Monika Guttman. U.S. News & World Report. June 10,
1996.
Oblivious
to the multicolored strobe lights and pounding music reverberating
through the darkened convention hall, two bearded men compete
fiercely on a Sega video game at the Electronic Entertainment
Expo in Los Angeles. The product description on a nearby wall
says the soon-to-be-released puzzle entertainment ''follows
in the same top-selling genre of classics like Columns and
Tetris.'' Suddenly, the red-haired man raises his arm, victorious.
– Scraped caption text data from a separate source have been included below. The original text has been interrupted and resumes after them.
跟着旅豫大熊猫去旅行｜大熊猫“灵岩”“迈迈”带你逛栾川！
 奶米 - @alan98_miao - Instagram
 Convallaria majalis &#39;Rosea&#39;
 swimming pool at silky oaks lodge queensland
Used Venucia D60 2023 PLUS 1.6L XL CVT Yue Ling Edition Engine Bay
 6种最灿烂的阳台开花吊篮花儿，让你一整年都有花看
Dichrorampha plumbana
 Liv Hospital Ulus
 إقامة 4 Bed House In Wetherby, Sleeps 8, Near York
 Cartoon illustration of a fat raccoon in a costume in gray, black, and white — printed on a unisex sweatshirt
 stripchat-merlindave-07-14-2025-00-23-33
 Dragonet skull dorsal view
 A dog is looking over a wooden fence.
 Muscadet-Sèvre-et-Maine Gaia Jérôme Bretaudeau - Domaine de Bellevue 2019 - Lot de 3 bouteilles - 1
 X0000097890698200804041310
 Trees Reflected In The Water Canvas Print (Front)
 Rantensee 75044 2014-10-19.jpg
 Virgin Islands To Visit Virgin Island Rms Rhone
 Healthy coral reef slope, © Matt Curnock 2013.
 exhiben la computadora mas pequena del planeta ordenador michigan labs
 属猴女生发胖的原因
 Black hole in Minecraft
No surprise. This is, after all, Alexey Pajitnov, the man
who invented Tetris.
Ironically,
almost 10 years after Tetris and its cascading geometric puzzle
shapes took the game world by storm--it sold over 40 million
copies, including many for Nintendo's Game Boy--Pajitnov is
not a clear winner. Under Soviet-era licensing agreements,
the Russian pocketed none of the profits from the game's $800
million in sales. In fact, few outside the game world connect
Pajitnov's name with Tetris, making him ''probably the least
recognized and the least compensated major inventor in the
industry,'' according to David Sheff, author of Game Over:
How Nintendo Conquered the World.
Online.
Since moving from Moscow to the Seattle suburbs five years
ago, however, Pajitnov has been busy developing a new game
plan. The 41-year-old former mathematician has now gained
the rights to Tetris and formed a company with Electronorgtechnica,
a privatized Russian entity that retains the Tetris trademark,
and Henk Rogers, the entrepreneur who spearheaded Tetris's
Game Boy gambit. Using Hawaii-based Blue Planet Software as
their agent, Pajitnov and his new colleagues hope to revitalize
Tetris. ''We want to make sure that Tetris is exploited correctly
over the next 10 years,'' explains Rogers. ''It's got to be
dealt with like an intellectual property, like Disney handles
Mickey Mouse.'' To ensure his game's longevity, Pajitnov is
developing fresh computer and arcade versions of Tetris that
will be ready early next year; he also is creating a multiplayer
online Tetris game that will be launched this fall.
Pajitnov
hopes that these Tetris spinoffs will put him back on the
cutting edge. They just might. Multiplayer online games, which
allow contestants around the world to compete against each
other in real time, are expected to boost the interactive
game business. Still, the market is a puzzle, and it's not
at all clear where Tetris fits in. Pajitnov helped produce
several sequels, including Tetris 2 and Super Tetris, and
none sold as well as the original. But, if any game has Net
potential, predicts Sheff, it's Tetris. ''Like Scrabble,''
he says, ''it's not going to go away. It's brilliant, and
those who come to it get hooked.''
Pajitnov
is optimistic about the future, but he's not bitter about
the past. ''I wasn't supposed to get any money for [Tetris],''
he shrugs. ''I made a lot of friends, and we made history.''
And his world has changed dramatically since he left Russia,
where he made about $30 a month as a programmer for the Computer
Center of the Academy of Science of the USSR. Working as a
consultant to various software companies on the West Coast,
Pajitnov now makes a comfortable living; he also receives
some royalties from other games he has invented, such as Welltris
and Hatris. Meanwhile, his wife, Nina, is a teacher, and his
sons, Peter, 14, and Dimitri, 9, are happily enrolled in school.
For
his part, Pajitnov has learned a lot about the game market,
where even savvy entrepreneurs can get zapped. Although he
prefers challenging puzzles to violent shoot'em-ups, he now
realizes that software like his Elfish program, which allows
users to design tanks of artificial fish, doesn't sell. That's
why he's adding better graphics and new sounds to his latest
version of Tetris. Maybe this time he'll get a piece of the
action.
© 1996
U.S. News and World Report Inc.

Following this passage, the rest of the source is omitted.